Long a dog whistle for referring to state attempts to clamp down on organizations accused of Islamism, “separatism” is increasingly leveled against radical political organizations as a means to delineate the boundaries of acceptable activism and associative life. In the history of the Fifth Republic, founded in 1958, no French government has banned as many groupings or associations as Macron’s. According to Mediapart’s tally, thirty-three groups have been banned since Macron took office in 2017, a trend that has mostly targeted organizations accused of Islamist sympathies but has expanded to encompass far-left and far-right groups.

“On the question of liberties, this decision is still relatively restrictive,” Lyon-Caen told Jacobin, regretting that this State Council left untouched the expanded criteria established in Darmanin’s 2021 anti-separatism law.

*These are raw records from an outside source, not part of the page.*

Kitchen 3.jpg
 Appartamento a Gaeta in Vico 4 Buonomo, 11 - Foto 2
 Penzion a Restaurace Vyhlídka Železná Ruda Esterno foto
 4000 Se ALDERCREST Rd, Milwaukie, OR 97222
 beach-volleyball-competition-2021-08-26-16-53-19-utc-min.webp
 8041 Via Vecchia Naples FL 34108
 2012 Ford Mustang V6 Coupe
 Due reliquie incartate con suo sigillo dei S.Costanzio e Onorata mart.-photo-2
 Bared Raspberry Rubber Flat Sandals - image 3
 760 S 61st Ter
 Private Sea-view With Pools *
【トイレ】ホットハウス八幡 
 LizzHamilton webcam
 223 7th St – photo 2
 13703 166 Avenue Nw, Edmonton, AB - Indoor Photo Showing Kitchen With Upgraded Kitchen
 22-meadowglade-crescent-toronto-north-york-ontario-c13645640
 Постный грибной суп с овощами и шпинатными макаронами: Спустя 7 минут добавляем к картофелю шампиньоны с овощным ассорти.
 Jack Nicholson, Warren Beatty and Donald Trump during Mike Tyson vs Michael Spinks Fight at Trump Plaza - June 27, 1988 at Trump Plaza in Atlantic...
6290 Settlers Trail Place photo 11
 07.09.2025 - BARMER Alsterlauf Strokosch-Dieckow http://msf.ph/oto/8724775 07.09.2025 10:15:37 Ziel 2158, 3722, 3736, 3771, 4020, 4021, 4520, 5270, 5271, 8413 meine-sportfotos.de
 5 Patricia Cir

Critics have been hoping for a firm condemnation of the breaches in that law — and stricter guidelines for protecting freedom of expression and association from Darmanin’s campaign to muffle civil society.

“[The idea of] ‘provoking’ violations of property is an extremely shaky standard,” says Monnier. “That requires wading into the mire of the statements and the freedom of expression of an organization.”

In a series of separate decisions also on the docket, the State Council validated the interior minister’s orders to ban the Lyon-based anti-fascist organization GALE, a far-right grouping in Angers called L’Alvarium, and the Coordination Against Racism and Islamophobia, which was dissolved in 2021.

“French society is fractured right now, and I think there are many magistrates that don’t want to entirely impede the actions of the interior minister,” says Lyon-Caen, who also represented GALE. “The State Council is being very cautious — more than it has been in the past.”

Between pressure from French civil society in uproar over Darmanin’s use of dissolution and a brash interior ministry, the State Council opted to apply a minimal break — one that leaves the broader tightening of civil society untouched. But the legal and political tensions underlying this whole affair are only going to deepen in the years ahead. As the climate crisis deepens, activists and civil liberties advocates want to see firmer protections — namely, for calls or actions that target property.

“Everything hinges on the question of proportionality and the nature of infractions to property,” says Monnier of Greenpeace France. “Even with the scale of the emergency before us, the proportionality of the violations to property will remain the cornerstone of whether they are illegal or not.”

Challenging Legality

Darmanin’s bid to pick a fight with Earth Uprisings was blatantly about jockeying to appear tough on radicals. It is also part of an attempt to delineate the boundaries of acceptable activism. The initial decree in June banning the organization, for example, mentioned its alleged proximity with thinkers like Andreas Malm, author of the popular tract How To Blow Up a Pipeline.

“Violence against property does not deserve the same protections as violence against people,” according to Lyon-Caen, who regrets that many judges don’t have a “dynamic understanding” of the law.

“In France, there’s a palpable skittishness in the courts,” Monnier told Jacobin. “I think the next steps on the question of violations against property will lead us to the European Court of Human Rights, which could deliver a decision reminding France of its obligations in terms of the protection of freedom of expression.”

Ultimately, the boundaries of acceptable activism are being most undermined by the state’s own inaction on the climate issue. Calls for everyday people to “disarm” — as Earth Uprisings puts it — the material and technological basis of environmental injustice clearly have a long future ahead of them. “Earth Uprisings gives us an idea of tomorrow’s legality,” says Lyon-Caen. “The climate crisis requires that we not cling to static ideas of what is legal and what is illegal.”